The current hall of Local 1422 replaced a predecessor at 910 Morrison Drive, a distinguished work of architecture (1984, Ray Huff) removed to make way for construction of the Arthur Ravenel Jr. Bridge across the Cooper River (2001–2005, Parsons Brinckerhoff with Palmetto Bridge Constructors). Both halls were designed by African American architects for an organization with a large proportion of African American members. An important figure in the Carolinas, the new hall’s architect, Charleston native Harvey Gantt, was the first African American admitted to Clemson University and the first African American mayor (1983–1987) of Charlotte, North Carolina, where he practices.

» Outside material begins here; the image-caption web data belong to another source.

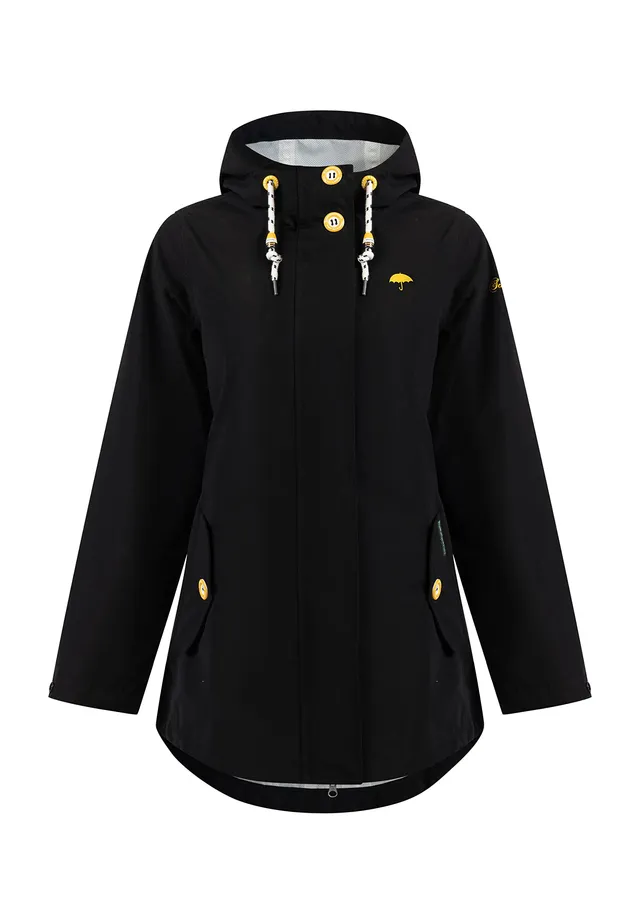 schmuddelwedda-damen-regenjacke-langarm-wasserdicht-mit-kapuze-und-druckknopflei image 1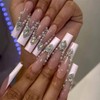 RTKHFZE Square Press On Nails - Long, Pink Rhinestone Design,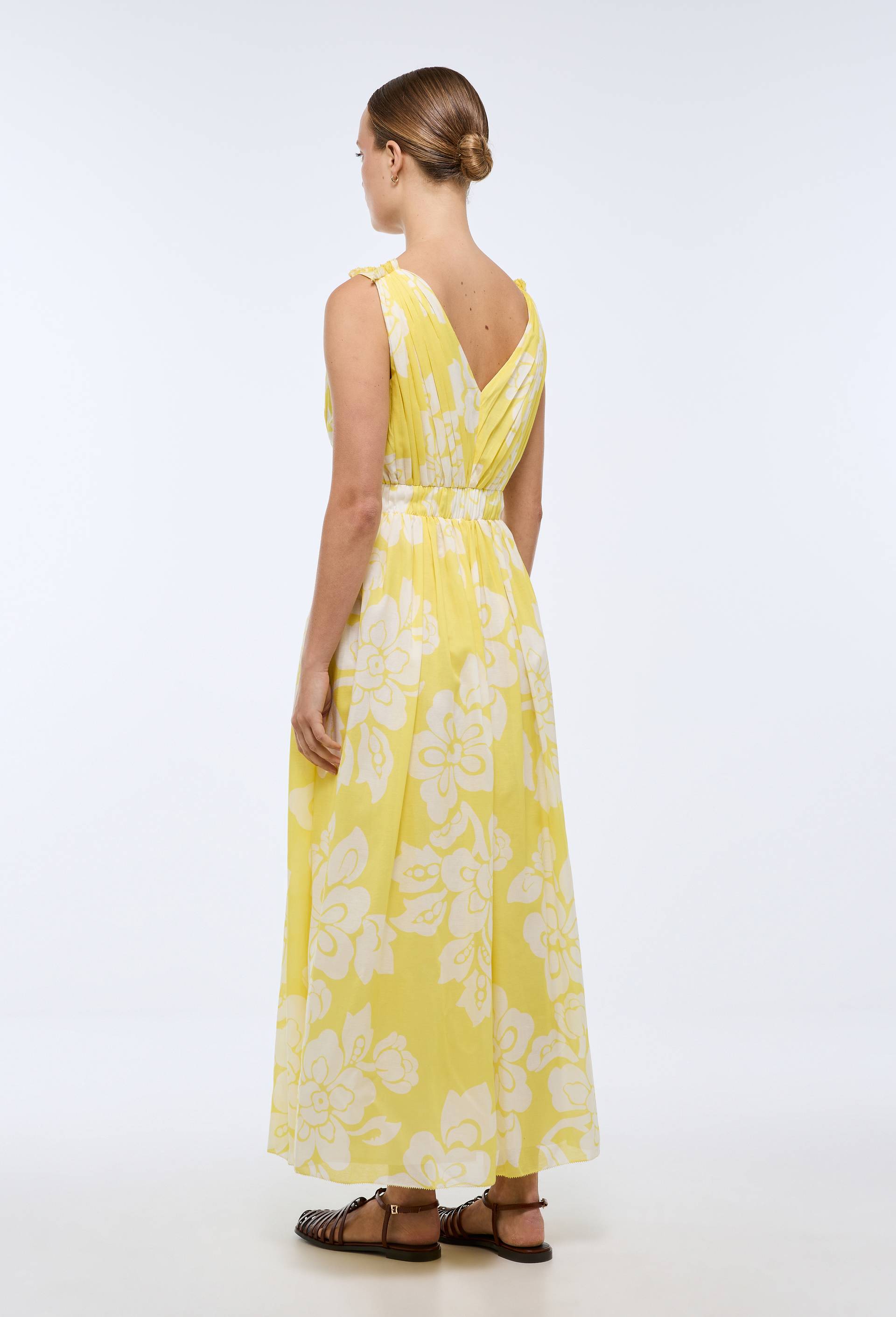 Robe longue cintr&eacute;e imprim&eacute;e en coton, Jaune, large image number 3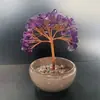Árvore da fortuna feita à mão com cascalho de cristal, árvore dos desejos, xícara de chá, tigela do tesouro, árvore de cristal, decoração de mesa para casa, item de artesanato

This two-story union hall is located in the Charleston Neck area, which in the nineteenth century developed as a predominately black residential zone northeast of Charleston’s historic core. The U-shaped building faces southwest, and its immediate environs include largely commercial or light industrial buildings. Further to the east flows the Cooper River, while a long established housing district occupies the blocks further west. The building is buffered from the heavily traveled avenue it faces by a strip of landscaped pavement, which broadens into a forecourt at the western corner of the structure, and ends at the tapering concrete tower marking the main entrance. A series of large windows articulate the Morrison Avenue front, which is covered with aluminum panels and set well forward of the large, brick-faced masses that frame it on either side. Between the framing masses on the opposite side is an open court whose roofs curve downward toward the rear.
Between the main entrance and a secondary entrance from the northeast front, a double-height corridor, galleried on the upper level, forms a kind of interior street connecting the building’s two main spaces: the hiring hall (adjacent to the main entrance) and a hall for public functions (adjacent to the secondary entrance). In between are a range of offices, service and recreational rooms, and leasable space. A staircase occupies the tapered tower.
In its explicit references to its function and to the social identity of its users, the Local 1422 Hall reflects the postmodern trends prevailing at the time of its conception. In might even be considered to embody aspects of architecture parlante. Because it situated in an urban no-man’s-land, there was little opportunity to contextualize the hall by taking cues from nearby buildings, so Gantt turned instead to the figure of the longshoreman. In an interview with the Charleston Post and Courier, Gantt explained that, because longshoremen’s work had evolved from stevedoring to handling large shipping containers, he used aluminum cladding on the Morrison Street facade to recall the modernity of containerized shipping practices. He featured brick cladding because many African Americans, both in slavery and in freedom, had distinguished themselves as artisans in masonry. With the sixteen small windows, grouped in quartets to light the hiring hall, the architect intended to evoke portholes (though this type of window composition had long been a postmodern motif). Most prominent is the tapered tower meant to resemble a ship’s smokestack. This element indeed recalls a 1967 sketch by Eugene W. Brown of one of RMS Queen Elizabeth’s funnels, published in North Carolina Architect in 1976. It can also, however, be viewed as a lighthouse.
References
Behre, Robert. “New Longshoreman’s [ sic] Hall Impressive.” Post and Courier (Charleston, SC), September 2, 2002.
Menchaca, Ron. “Dockworkers’ Group to Move Soon.” Post and Courier (Charleston, SC), August 31, 2000.